Their continued silence over the last nine months has left me disappointed and disillusioned. At one point, I even reached out to them myself, hoping to shake them out of whatever emotional paralysis they were in. The responses I received were either vague promises to call soon — calls that never came — or more silence.
This is the group that has hurt me the most, and I’m still trying to figure out what to do with these relationships. I know that a year or two from now, they may return, acting as though nothing happened. And I also know myself well enough to admit that I will probably feel obliged to let it go. But the hurt remains.
And then there were those who were once close to me but had drifted away over the years. Regardless of how they heard about my situation, their responses were almost identical: a brief message saying they’d heard the news, a line about how strong or brave I was, and an assurance that I would get through it — followed immediately by updates about their own busy lives.
It was such an inconsequential form of communication, a gesture that looked like concern but carried no real substance. It only reaffirmed why they are no longer part of my life.
And finally, there were a few from my extended social circle — people I stay connected with more out of habit than closeness. Their responses were, frankly, the most bewildering. One college friend asked, “You’re getting out of the house, right?” I said yes — on a wheelchair. Her immediate reply: “So when are you coming to see my house?”
This, from someone who hadn’t even offered to come see me but expected me to visit her… after an amputation, while I was still navigating six months of recovery. The disconnect was almost comical.
Another person cheerfully said, “I know you must be back to cooking, so we’d like to come for lunch.” The audacity of assuming I was not only healed, but ready to host — it would have been funny if it wasn’t so wildly out of touch.
These interactions left me wondering whether people genuinely don’t think before they speak, or whether they simply don’t grasp the gravity of what someone else is going through. As I look back on these months, what stands out most is not the illness itself, but the way it rearranged my understanding of people. I didn’t set out to judge anyone — and I still don’t — but I can’t ignore what this experience revealed. Some people showed up with a depth of kindness I will never forget. Some offered what little they could, and that was enough. Some disappeared into their own discomfort.
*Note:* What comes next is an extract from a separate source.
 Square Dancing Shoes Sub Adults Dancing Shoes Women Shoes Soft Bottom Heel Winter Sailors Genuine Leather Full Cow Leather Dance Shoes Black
And some reminded me, unintentionally, why they no longer have a place in my life.
What surprised me most was not who showed up, but the clarity with which I could suddenly see the threads that connect me to people — which ones are strong, which ones are frayed, and which ones were illusions I had been holding on to. There is a strange kind of peace in that clarity, even when it hurts.
I’m not angry. I’m simply clearer. Illness stripped away the noise and left me with a sharper sense of who truly walks with me, who walks near me, and who was only ever passing by. It’s not a moral judgment; it’s just truth — the kind that arrives uninvited and, once seen, cannot be unseen.
People aren’t good or bad for how they responded. They are simply human — shaped by their own fears, limits, and capacities. And understanding that has softened something in me.
I carry immense gratitude for those who stood by me, not with perfection but with sincerity. I hold compassion for those who couldn’t show up, even if their absence left its mark. And I am learning to release the weight of expectations I didn’t even realize I was carrying.
I am still healing. But I am also awakening. And perhaps that is the truest thing I can say about this chapter of my life — that in losing so much, I gained a clarity that feels like the beginning of becoming whole again.